→ **Problem requirements**
Copy out the lines beginning at the one with "Grundriss vorher und nachher" and ending at the last line of the data, both included; pictures stay out.

→ **Data section**
========================

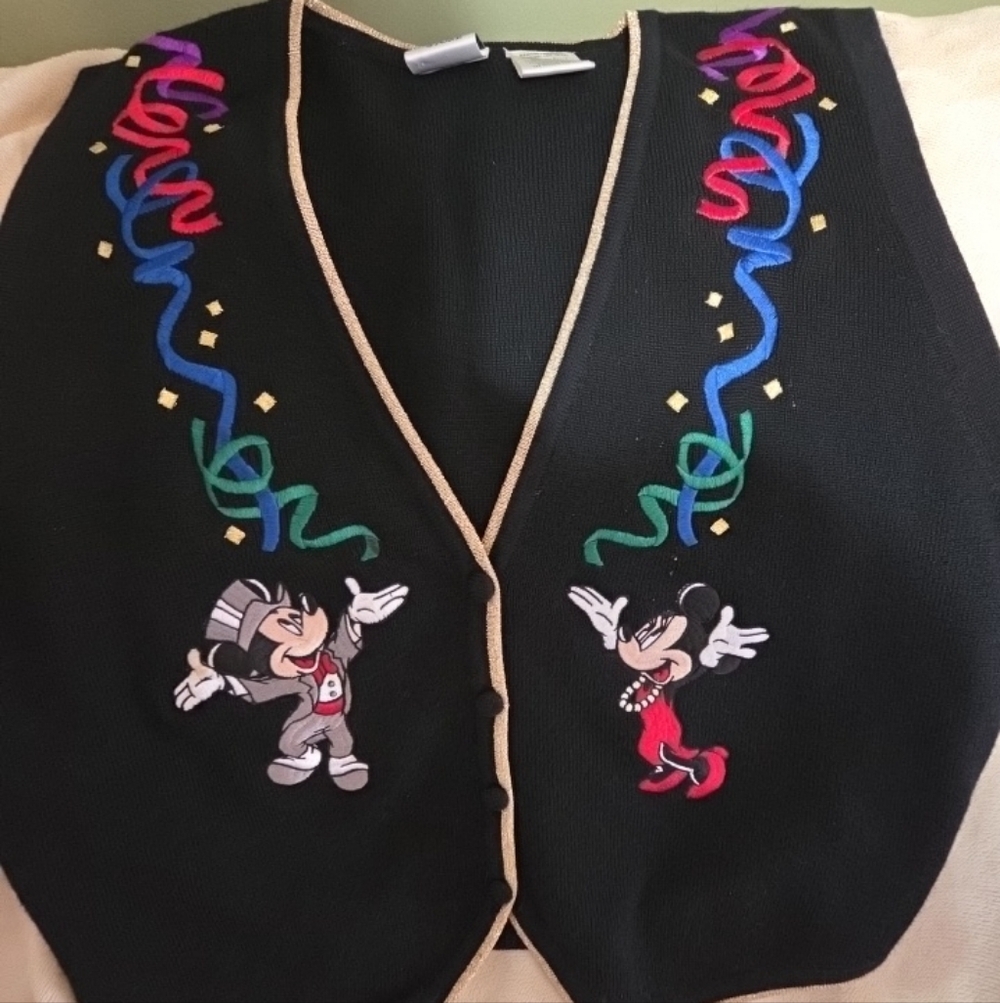 Vintage Disney Store Mickey Minnie Embroidered Vest Womens M Black 90s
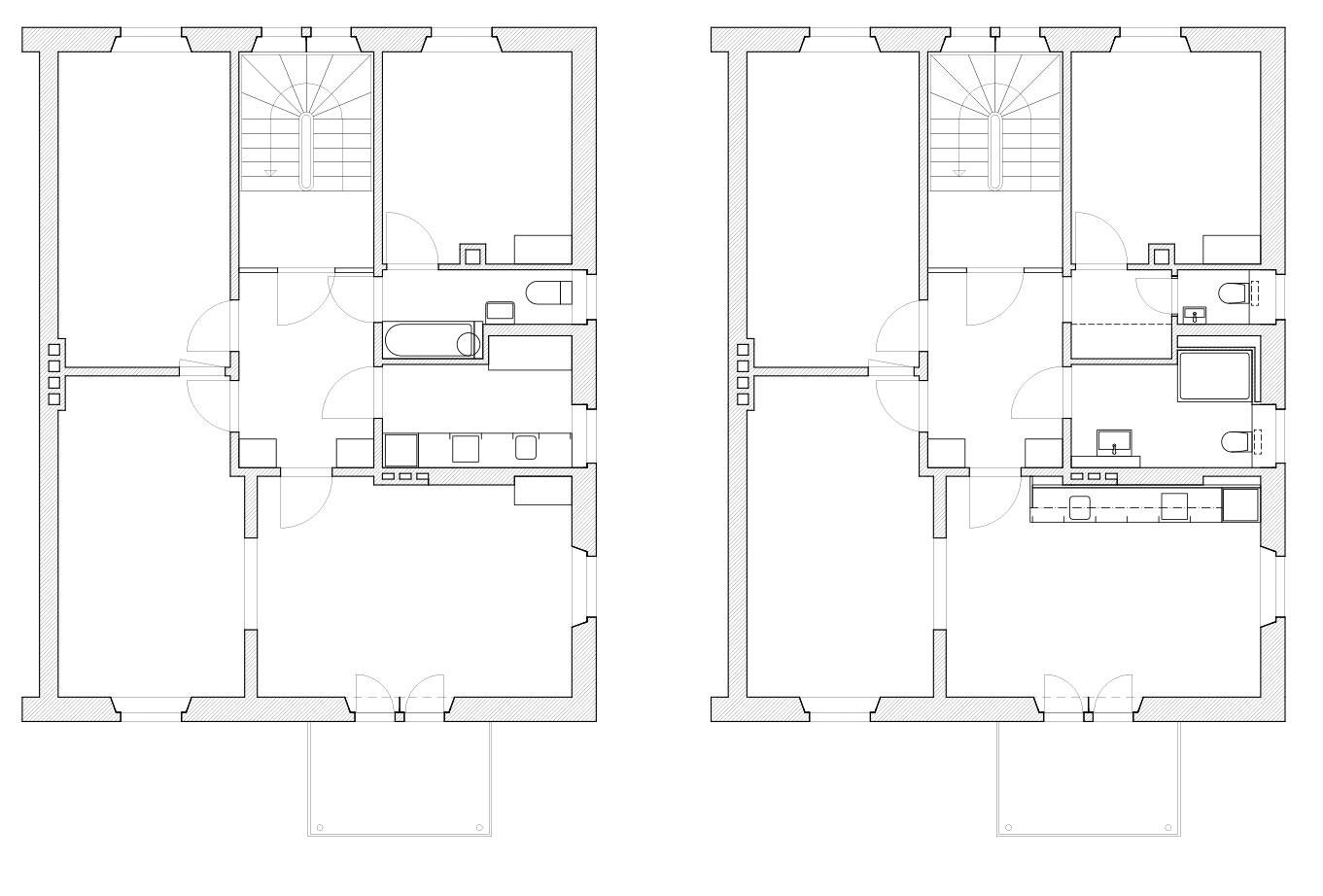 Grundriss vorher und nachher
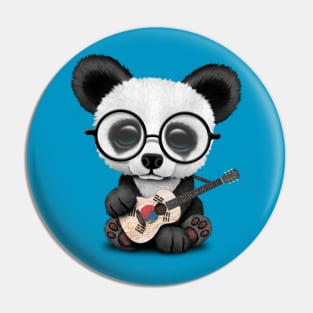 Baby Panda Playing South Korean Flag Guitar Pin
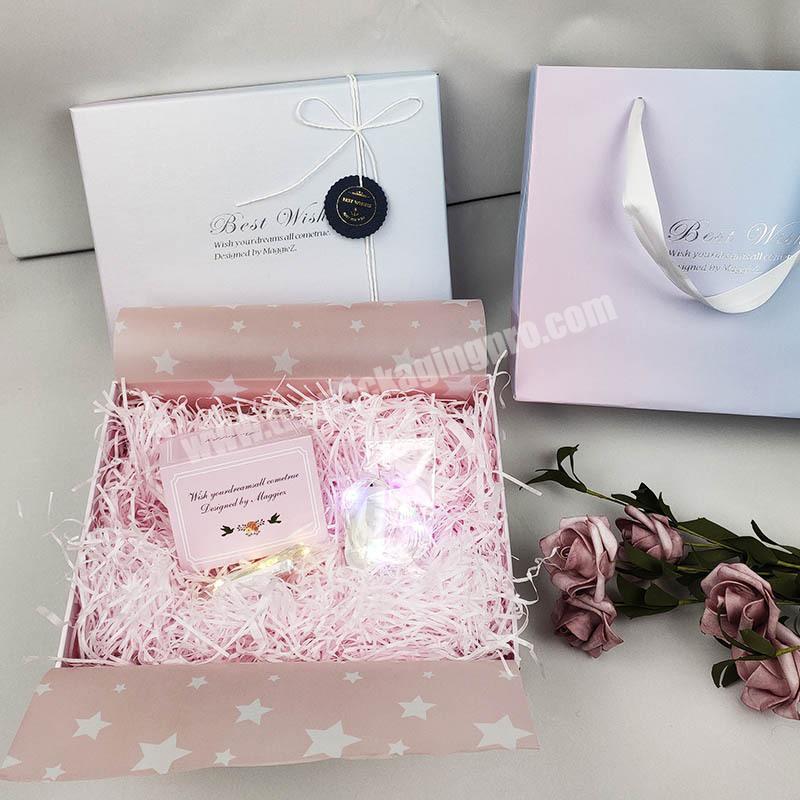 Wholesale Valentine'S Day Pink Gradient Gift Box Set Card Elegant Gift Packaging Box With Handle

========================

→ **Response**
 Grundriss vorher und nachher
 Baby Panda Playing South Korean Flag Guitar Pin
 Wholesale Valentine'S Day Pink Gradient Gift Box Set Card Elegant Gift Packaging Box With Handle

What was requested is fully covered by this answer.